Methods: Clinical study of cervical SCS with a consecutive inclusion of 25 patients and a mean follow-up time of 22 months. Patients provided data on pain using the visual analogue scale (VAS), quality of life, function and pain medication. Furthermore technical details like type of used electrodes, electrode placement site, number of device-related surgical revisions and adverse events were assessed.

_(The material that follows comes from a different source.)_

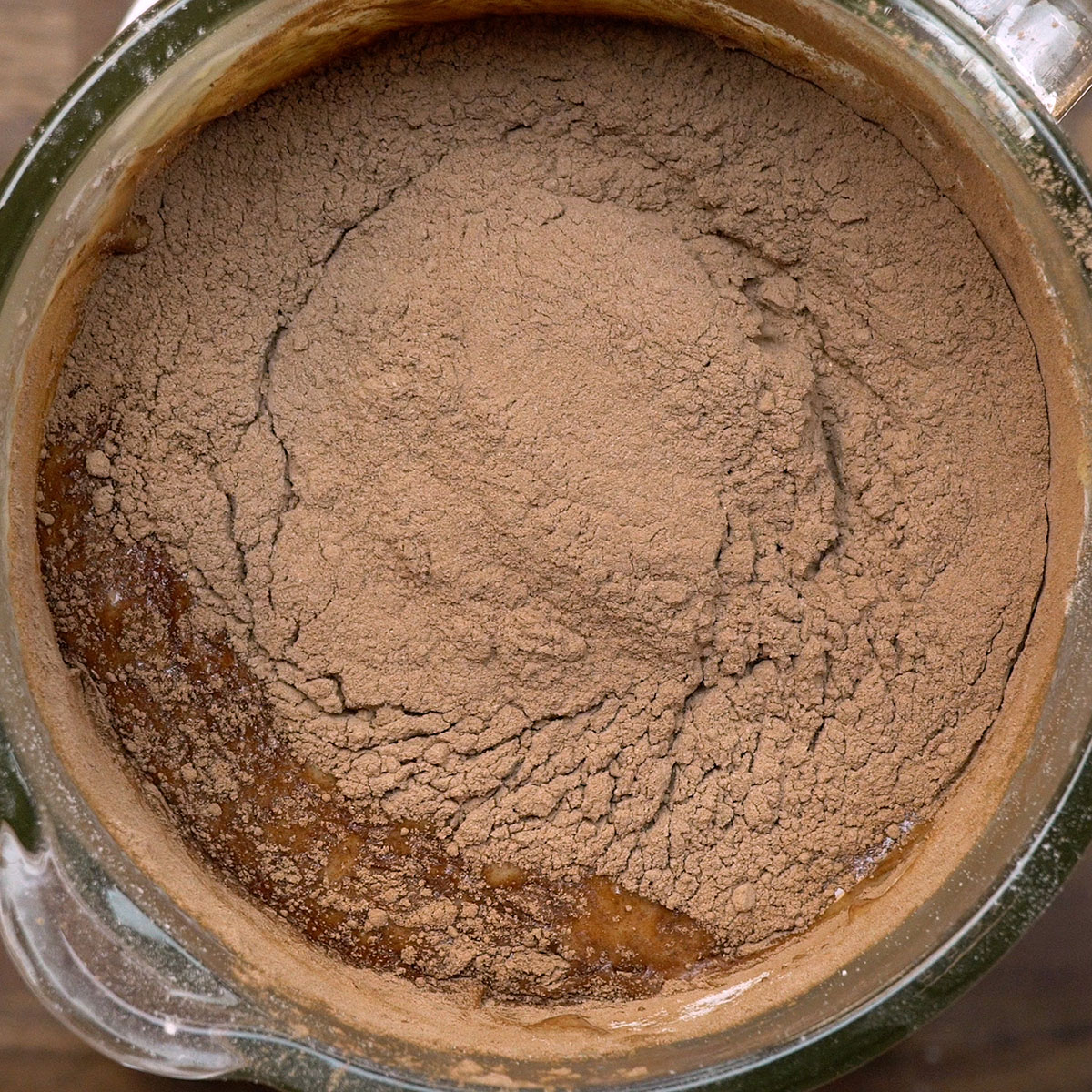 Chocolate em pó sendo misturado à massa de bolo de chocolate com uma colher.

Results: 30 patients were tested for cSCS and 25 received permanent devices. The mean age of the 11 men and 14 women in the study was 54.1 years. Average VAS pain score for all patients was 8.4 at baseline 4.6 at 22 months after implantation. Up to now 23 patients continue to experience significant pain relief. 2 systems had to be explanted due to complete reduction of effectiveness and 1 patient received an additional implanted intrathecal infusion pump. 4 displacements of stab electrodes needed surgical revisions and were replaced by plate electrodes. There was no hardware malfunction and only 1 superficial wound infection. The successful patients reported improvements in daily living as well as a decrease in analgesic usage with a significant decrease in opiate consumption.

Conclusions: Up until now there is nearly no literature on the outcome of cervical SCS in the treatment of cervical radicular or diffuse neuropathic pain. This study demonstrated the safety and efficacy of cSCS in 25 well-selected patients with an average reduction of pain from VAS 8.4 to 4.6 and only 4 device-related minor surgical revisions.